# WORKING DATA

________________________________________

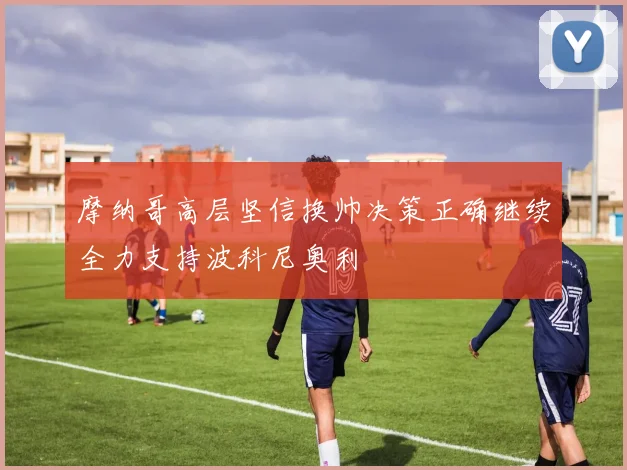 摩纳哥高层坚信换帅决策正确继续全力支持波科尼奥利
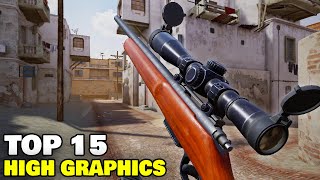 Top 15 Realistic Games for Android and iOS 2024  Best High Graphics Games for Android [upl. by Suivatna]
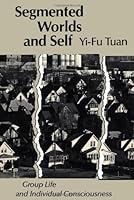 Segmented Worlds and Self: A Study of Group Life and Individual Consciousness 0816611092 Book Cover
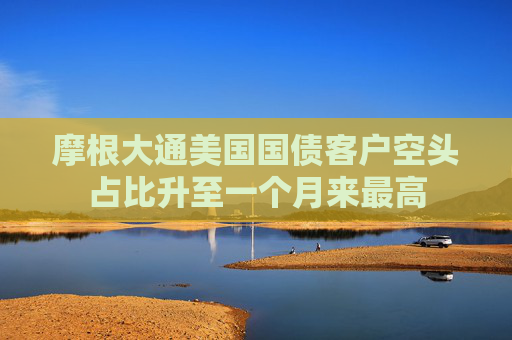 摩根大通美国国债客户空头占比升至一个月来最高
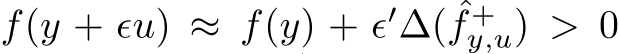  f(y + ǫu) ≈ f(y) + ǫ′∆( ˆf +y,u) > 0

________________________________________

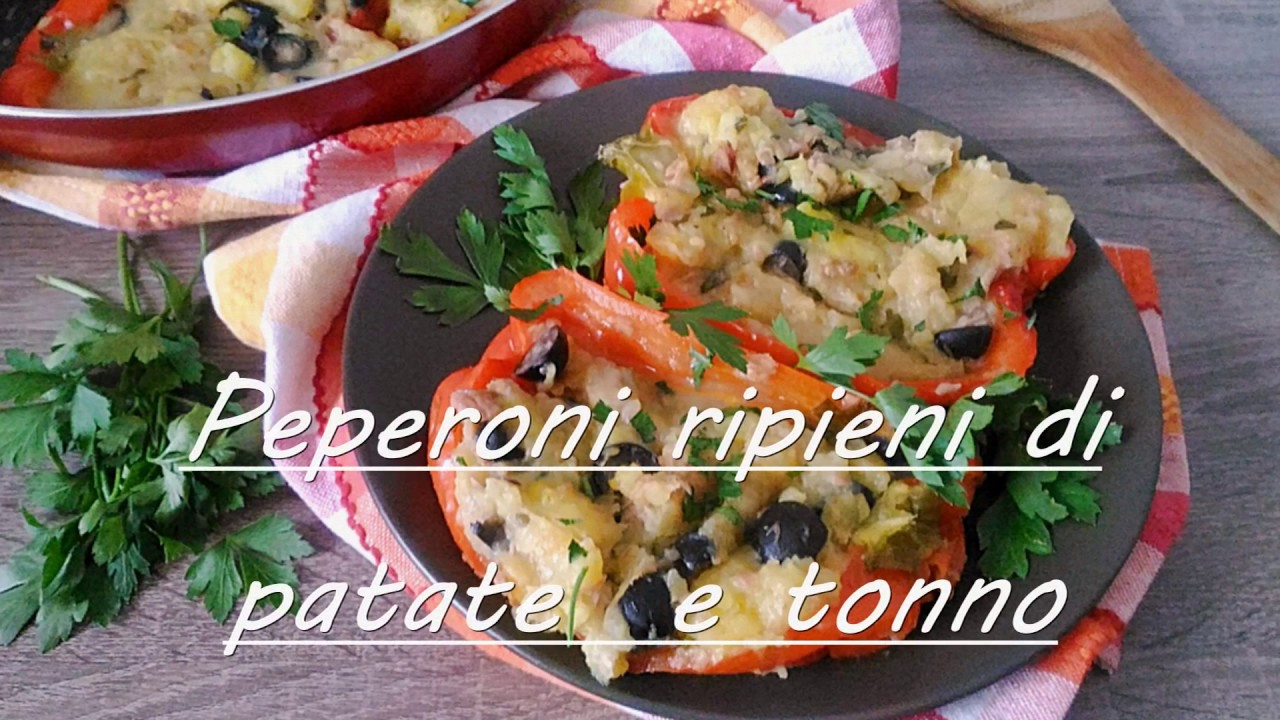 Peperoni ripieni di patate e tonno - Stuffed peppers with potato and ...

________________________________________

# EXERCISE OBJECTIVE
Everything above from the line containing "摩纳哥高层坚信换帅决策正确继续全力支持波科尼奥利" through the line containing "f(y + ǫu) ≈ f(y) + ǫ′∆( ˆf +y,u) > 0" must be repeated exactly, and the pictures must be left out.

# RESULT OF THE TASK
 摩纳哥高层坚信换帅决策正确继续全力支持波科尼奥利
 Top 15 Realistic Games for Android and iOS 2024  Best High Graphics Games for Android [upl. by Suivatna]
 Segmented Worlds and Self: A Study of Group Life and Individual Consciousness 0816611092 Book Cover
 摩根大通美国国债客户空头占比升至一个月来最高
  f(y + ǫu) ≈ f(y) + ǫ′∆( ˆf +y,u) > 0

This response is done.